━━━━━ Dataset content

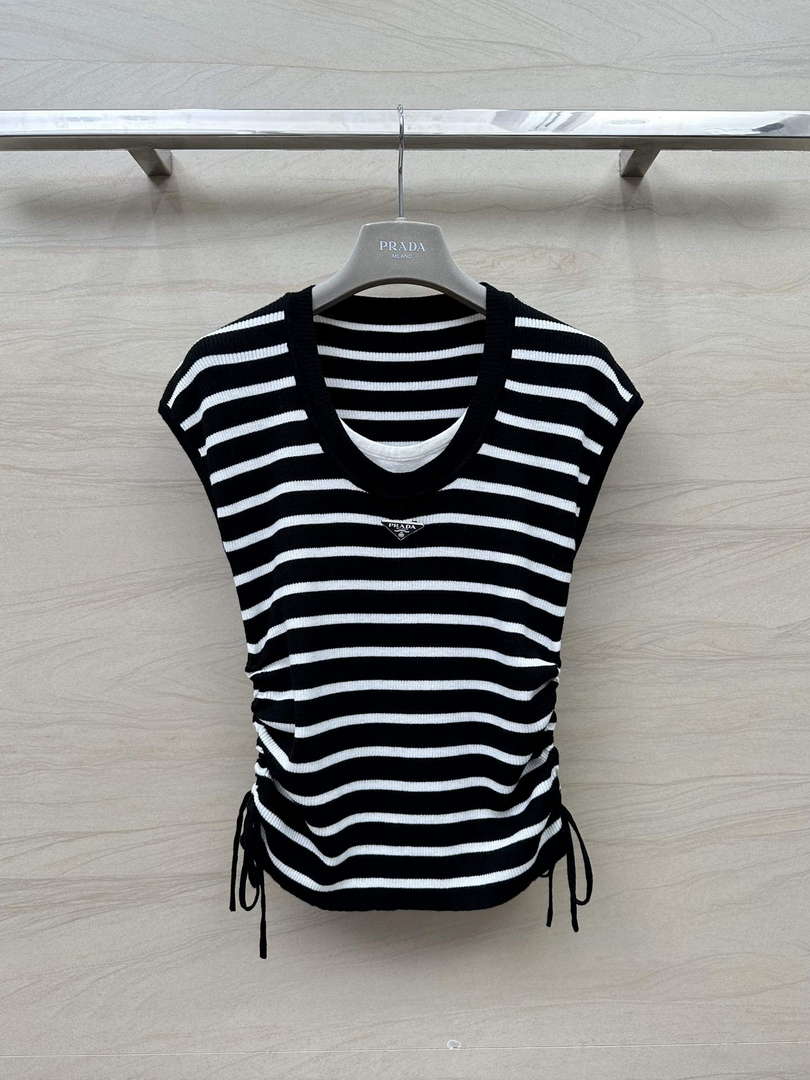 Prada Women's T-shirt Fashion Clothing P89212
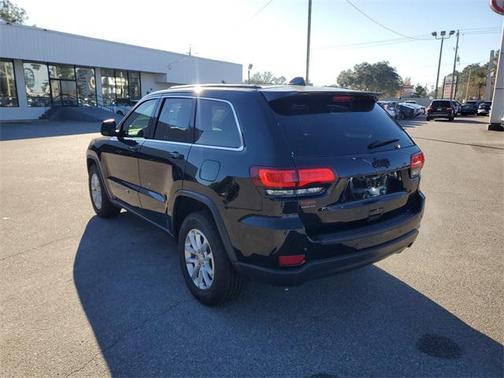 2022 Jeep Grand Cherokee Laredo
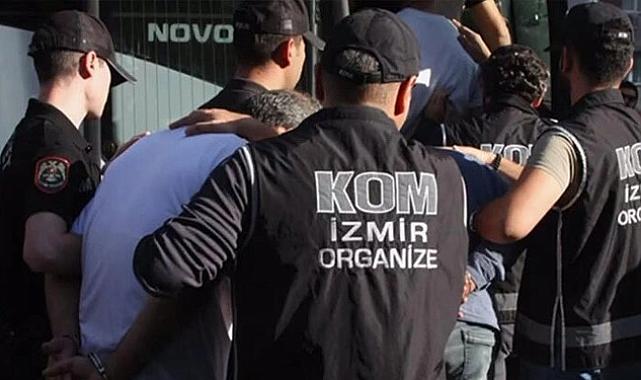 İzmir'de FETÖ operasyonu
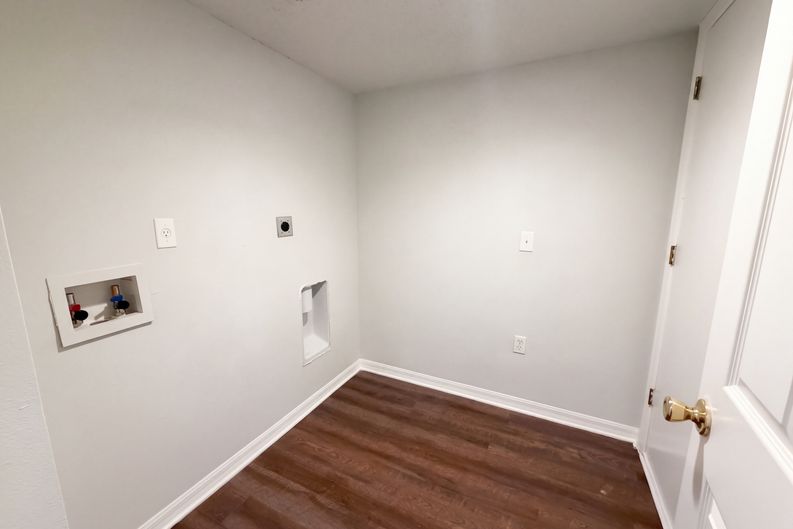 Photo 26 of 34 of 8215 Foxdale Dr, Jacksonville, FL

━━━━━━━━━━
━━━━━ Dataset content

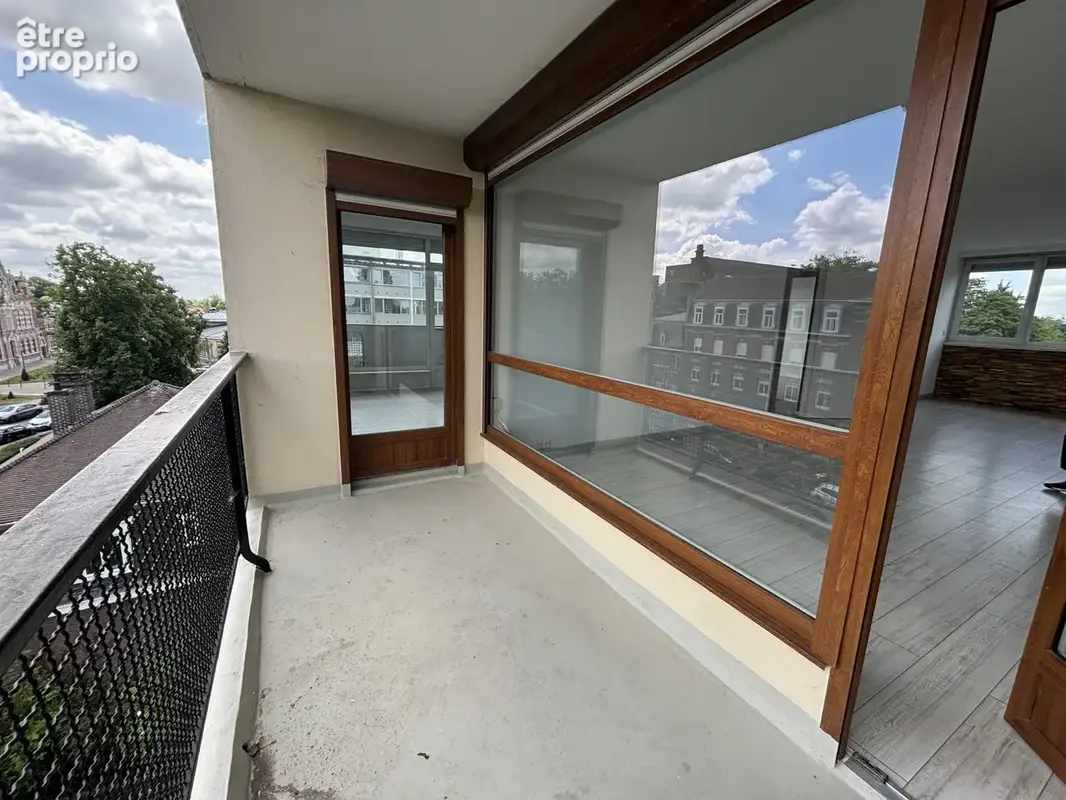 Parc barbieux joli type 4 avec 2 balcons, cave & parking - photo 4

━━━━━━━━━━

# What you are asked to do
Look above for the line containing "Prada Women's T-shirt", then write out every line from there down to the line containing "Photo 26 of", that line included, with no pictures.

# Solved problem
 Prada Women's T-shirt Fashion Clothing P89212
 2022 Jeep Grand Cherokee Laredo
 İzmir'de FETÖ operasyonu
 Photo 26 of 34 of 8215 Foxdale Dr, Jacksonville, FL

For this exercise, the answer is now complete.